Vers sept heures du soir, et comme le jour commençait à baisser, je vis Kostaki traverser la cour. Il se retourna pour regarder de mon côté, mais je me rejetai en arrière, afin qu'il ne pût me voir.

J'étais inquiète, car, aussi longtemps que la position de ma fenêtre m'avait permis de le suivre, je l'avais vu se dirigeant vers les écuries. Je me hasardai à tirer les verrous de ma porte et à me glisser dans la chambre voisine, d'où je pouvais voir tout ce qu'il allait faire.

En effet, il se rendait aux écuries. Il en fit sortir alors lui-même son cheval favori, le sella de ses propres mains et avec le soin d'un homme qui attache la plus grande importance aux moindres détails. Il avait le même costume sous lequel il m'était apparu pour la première fois. Seulement, pour toute arme, il portait son sabre.

Son cheval sellé, il jeta les yeux encore une fois sur la fenêtre de ma chambre. Puis, ne me voyant pas, il sauta en selle, se fit ouvrir la même porte par laquelle était sorti et par laquelle devait rentrer son frère, et s'éloigna au galop, dans la direction du monastère de Hango.

Alors mon coeur se serra d'une façon terrible, un pressentiment fatal me disait que Kostaki allait au-devant de son frère.

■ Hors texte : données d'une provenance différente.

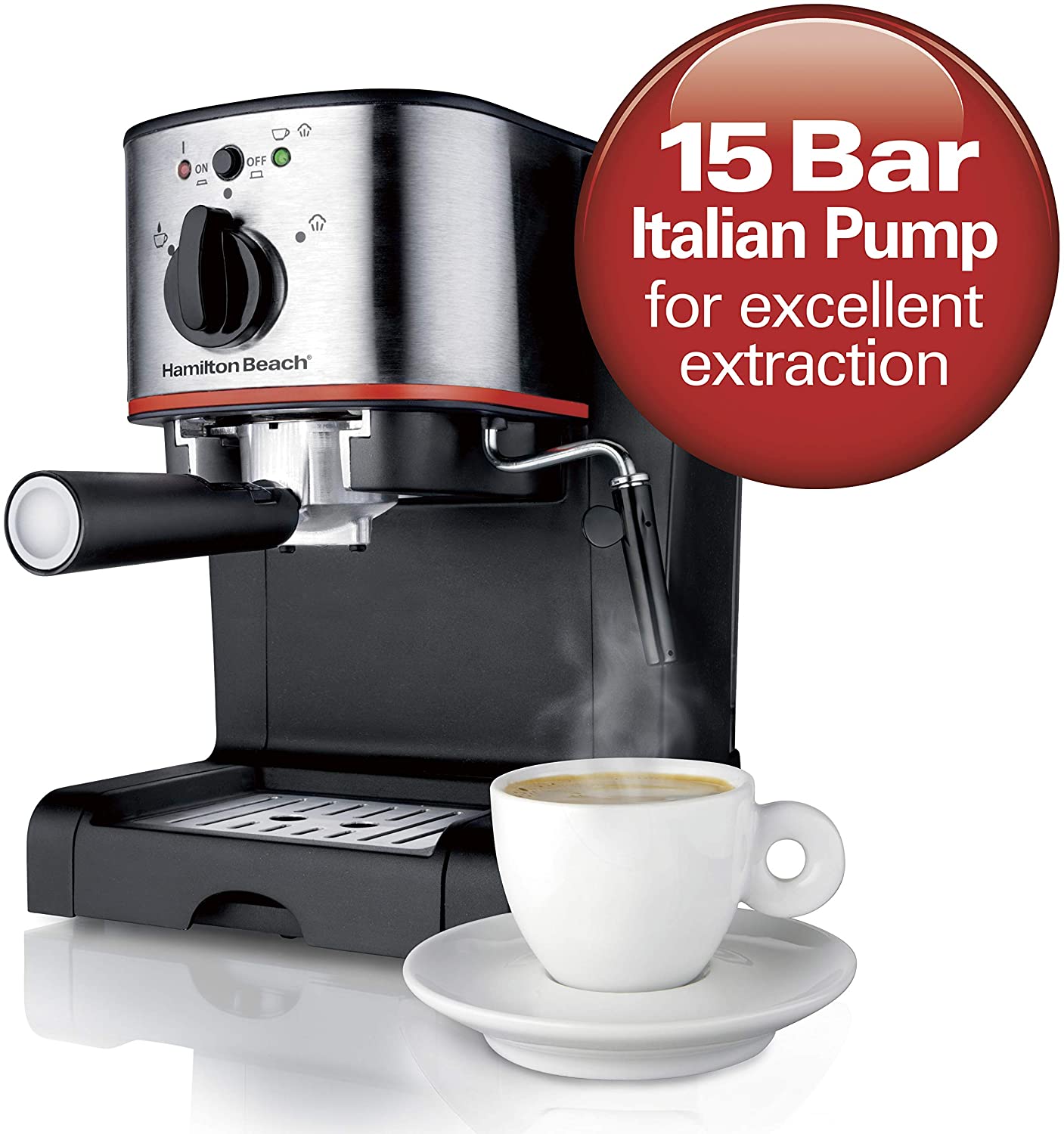 Hamilton Beach 15 Bar Espresso & Cappuccino Maker 40792 - Professional Coffee Machine for Home & Office Use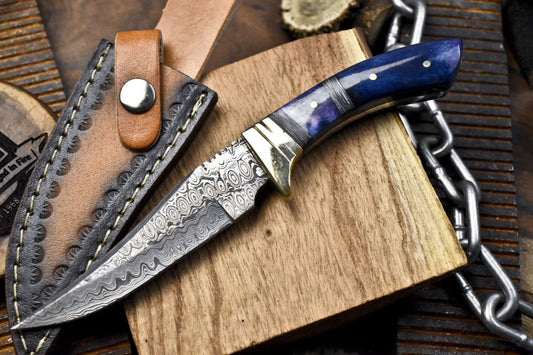 Custom Forged Raindrop Damascus Skinner Knife & Leather Sheath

Je restai à cette fenêtre tant que je pus distinguer cette route, qui, à un quart de lieue du château, faisait un coude et se perdait dans le commencement d'une forêt. Mais la nuit descendit à chaque instant plus épaisse, la route finit par s'effacer tout à fait.

Je restais encore.

Enfin mon inquiétude, par son excès même, me rendit ma force, et, comme c'était évidemment dans la salle d'en bas que je devais avoir les premières nouvelles de l'un et l'autre des deux frères, je descendis.